# Drywall, meet bathtub. Bathtub, meet drywall.



## u2slow (Feb 9, 2012)

I'm no a pro, but I would repair most of that with a new corner bead, and 'concrete fill'. It will take minor ongoing moisture better than drywall. Skim it with just enough drywall mud to smooth and paint.

https://www.usg.com/content/usgcom/...-finishing-compounds/synko-concrete-fill.html


----------



## mark sr (Jun 13, 2017)

I'd repair it with drywall/corner bead. If the door is kept well caulked and the drywall painted with latex enamel it should hold up ok. The bigger issue is the drywall behind the tile - it will fail sooner or later.
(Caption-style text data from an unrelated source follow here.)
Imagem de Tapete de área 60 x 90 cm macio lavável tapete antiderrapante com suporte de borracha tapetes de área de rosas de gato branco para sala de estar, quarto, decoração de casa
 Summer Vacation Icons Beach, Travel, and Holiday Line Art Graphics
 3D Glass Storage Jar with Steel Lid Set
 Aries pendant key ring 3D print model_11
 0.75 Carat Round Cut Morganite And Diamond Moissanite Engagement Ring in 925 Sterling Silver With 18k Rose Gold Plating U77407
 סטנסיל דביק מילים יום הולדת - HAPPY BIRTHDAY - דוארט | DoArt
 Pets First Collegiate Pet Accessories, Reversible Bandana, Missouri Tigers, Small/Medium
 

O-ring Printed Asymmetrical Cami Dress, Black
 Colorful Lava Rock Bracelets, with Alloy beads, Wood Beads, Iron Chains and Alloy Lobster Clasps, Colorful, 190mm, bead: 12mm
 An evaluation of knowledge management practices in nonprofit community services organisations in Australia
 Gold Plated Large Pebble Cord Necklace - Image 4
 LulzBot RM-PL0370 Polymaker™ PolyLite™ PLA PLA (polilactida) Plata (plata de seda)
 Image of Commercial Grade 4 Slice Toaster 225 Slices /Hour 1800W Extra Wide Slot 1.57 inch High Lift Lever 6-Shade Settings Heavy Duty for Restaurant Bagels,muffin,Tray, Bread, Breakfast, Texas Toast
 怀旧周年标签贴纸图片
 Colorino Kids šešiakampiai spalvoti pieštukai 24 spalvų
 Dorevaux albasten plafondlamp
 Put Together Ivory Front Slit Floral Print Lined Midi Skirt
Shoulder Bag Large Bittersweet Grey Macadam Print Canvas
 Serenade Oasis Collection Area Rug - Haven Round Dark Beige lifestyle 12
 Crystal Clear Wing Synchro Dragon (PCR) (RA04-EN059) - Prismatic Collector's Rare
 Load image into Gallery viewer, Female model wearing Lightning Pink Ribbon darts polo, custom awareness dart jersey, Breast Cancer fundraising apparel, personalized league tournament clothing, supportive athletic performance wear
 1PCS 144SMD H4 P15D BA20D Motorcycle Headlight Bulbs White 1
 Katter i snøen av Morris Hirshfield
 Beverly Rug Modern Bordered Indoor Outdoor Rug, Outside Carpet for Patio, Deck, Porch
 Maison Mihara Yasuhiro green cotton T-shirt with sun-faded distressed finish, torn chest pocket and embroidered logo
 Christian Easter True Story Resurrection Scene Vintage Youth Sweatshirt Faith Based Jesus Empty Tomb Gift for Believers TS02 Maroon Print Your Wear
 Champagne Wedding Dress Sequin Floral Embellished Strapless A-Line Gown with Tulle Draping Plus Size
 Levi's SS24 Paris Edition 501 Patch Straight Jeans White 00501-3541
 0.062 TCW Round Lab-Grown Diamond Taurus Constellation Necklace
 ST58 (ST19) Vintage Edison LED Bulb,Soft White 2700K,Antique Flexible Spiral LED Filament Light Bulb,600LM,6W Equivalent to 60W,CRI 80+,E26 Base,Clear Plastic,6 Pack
If you want you can use a setting compound instead of regular pre mixed joint compound. Unlike j/c setting compounds are not water soluble.


----------



## snic (Sep 16, 2018)

Thanks for these suggestions. I think I will use this corner bead ("L bead"):

https://www.homedepot.com/p/1-2-in-x-10-ft-Vinyl-L-Bead-12VINL10H/202848954

I had no idea that something like this existed! Then I'll use silicone caulk between the tub and the PVC bead. 

Regarding the drywall under the tile - it actually looks like it's in pretty good condition above where the leak was. So I figure that if I can prevent leaks, the new drywall I install there will hold up well.


----------